5 Simple Rules for the Best Sheet Pan Dinners
Why should something as simple as sheet pan dinners have rules? Because you want to end up with all the ingredients cooked just the way you want them. Besides, they're pretty easy rules. But they do make all the difference.
Try this recipe: Pan-Roasted Chicken with Lemon-Garlic Brussels Sprouts and Potatoes
How to Make the Best Sheet Pan Dinners
The genius behind this oven-baked spin on one-pot-cooking is that it's supposed to make for simple prep, cook, and clean-up. And all that's true -- as long as you keep these basic tips in mind:
1. Use the Right Kind of Pan
The right baking sheet to use for sheet pan dinners is called a half-sheet pan. It's made of heavy-gauge metal, measures 18 by 13 inches, and has a 1-inch rim all the way around. It's sturdy enough to take high oven heat--and sometimes broiler heat. The size allows for ingredients to be spread out so you don't crowd the pan. (Crowded pans make for mushy meals because the ingredients steam instead of roast.) And the rim is low enough for heat to move across the ingredients to give them a crisp, brown, caramelized finish. Jellyroll pans may look the same, but they're generally smaller and flimsier than half-sheet pans. The good news is half-sheet pans are not expensive and they're the kind of multi-taskers that you'll use again and again for a whole lot more than sheet pan dinners.
2. Line the Pan for Easy Clean-Up
You'll see lots of blog photos of sheet pan dinners where the pan is all crusty with baked-on bits. (See the photo at top, for example.) But let's get real. You're not interested in scrubbing pans. The solution? Line the pan with heavy-duty foil or parchment paper (not waxed paper). You might have to do a little light washing later, but a well-lined pan cleans up in a jiffy.

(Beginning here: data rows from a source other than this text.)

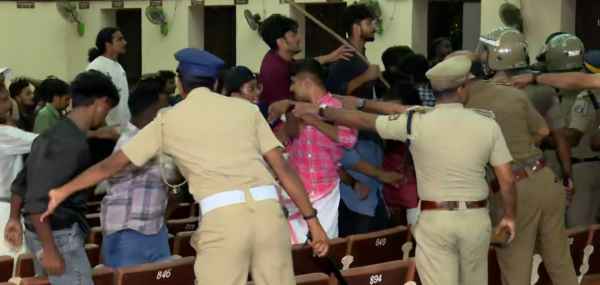 കേരള സര്വ്വകലാശാല സെനറ്റ് തെരഞ്ഞെടുപ്പിനിടെ അടി ; കെഎസ്യു പ്രവർത്തകർക്കെതിരെ കേസ് കേരള സര്വ്വകലാശാല സെനറ്റ് തെരഞ്ഞെടുപ്പിനിടെ അടി ; കെഎസ്യു പ്രവർത്തകർക്കെതിരെ കേസ്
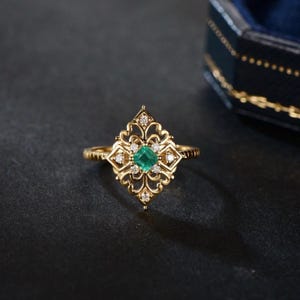 Anello di fidanzamento vintage con smeraldo, delicato anello di promessa con smeraldo, anello con filigrana di smeraldo, anello con spinello verde naturale, regali di fidanzamento per lei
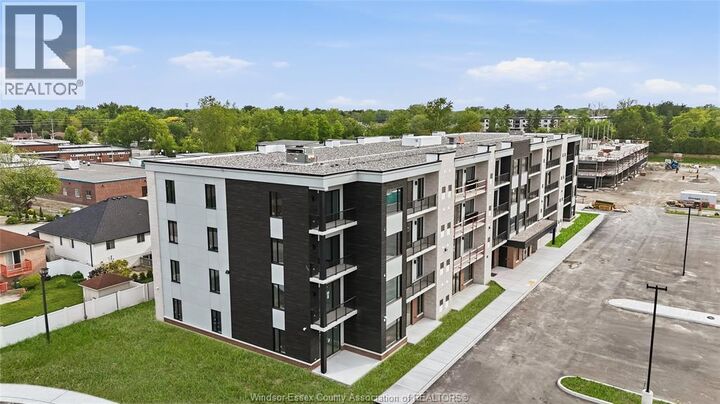 Property Photo:  595 Lilymac 102  ON N6E 3N7 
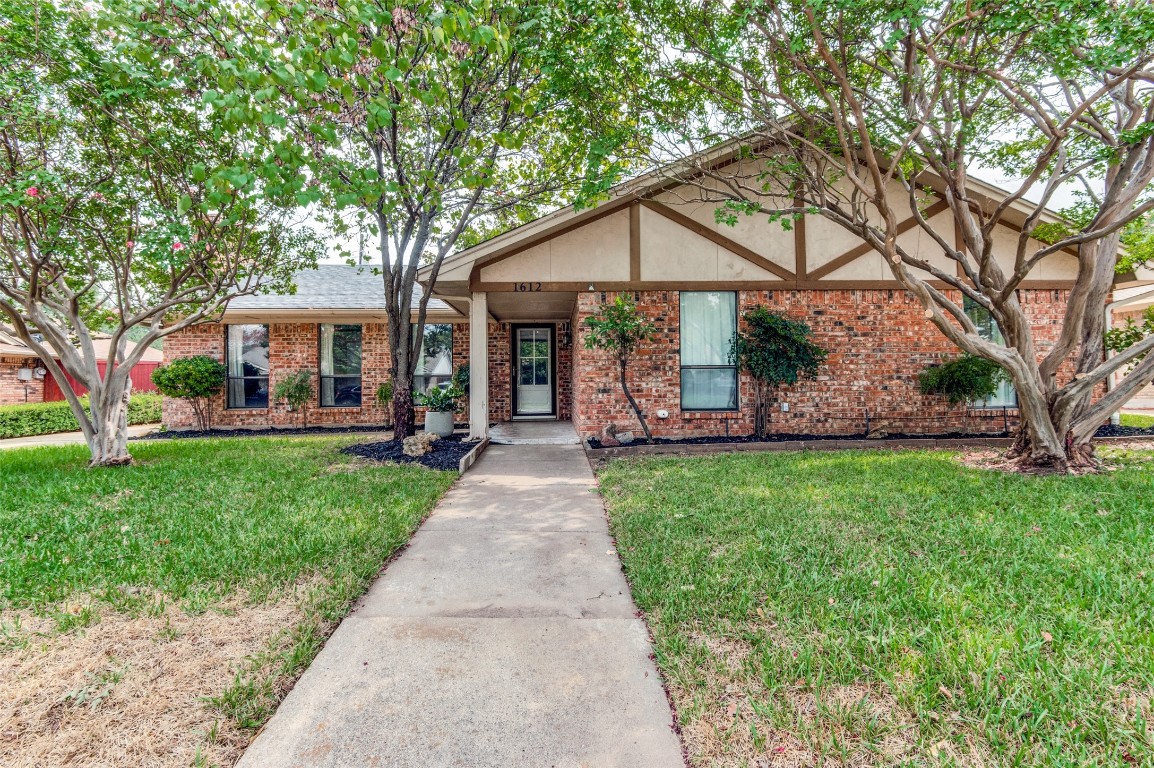 1612 Daywood Lane Irving TX 75061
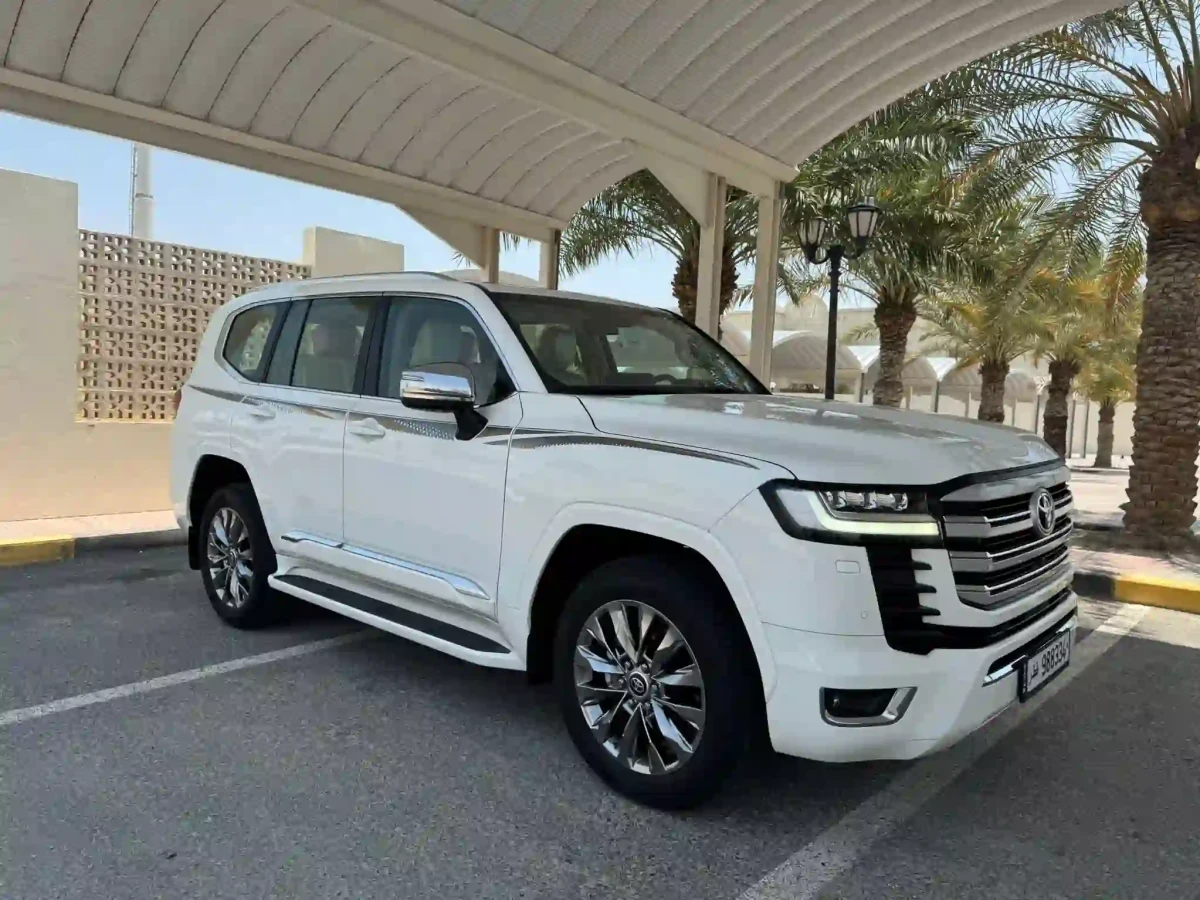 Toyota Land Cruiser VX 2025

3. Give Dense or Whole Vegetables a Head Start
Vegetables like potatoes and carrots take much longer to cook than softer vegetables like green beans, asparagus, and tomatoes. Depending on what else you're adding to the pan, you should roast the denser vegetables for 30 minutes or more before adding the other vegetables to the pan. In this recipe for Greek Lemon Chicken and Potato Bake, small whole potatoes cook along with bone-in chicken leg quarters for 45 minutes, then the green beans are added 15 minutes before the pan comes out of the oven. If you cut the denser vegetables into small pieces, they'll need a shorter head start.
4. Oil Up the Ingredients
To ensure that vegetables don't dry out while they're cooking, make sure you completely coat them with oil. The best way to do this is by putting them into a large bowl and adding the oil and any other seasonings in your recipe. Then stir with a spoon or with your hands to cover everything thoroughly. A smart move is to do the dense vegetables first, then use what's in the bowl to coat the softer vegetables that will be added to the pan later.
5. Rack 'Em Up
Let's say you want to bake breaded chicken or fish over vegetables. To keep that crisp coating, use a wire rack to raise the breaded ingredients above the moisture in the pan. Use the same approach when you're roasting a cut of beef or pork so the juices baste the ingredients while the meats gets gloriously browned. Everyone wins.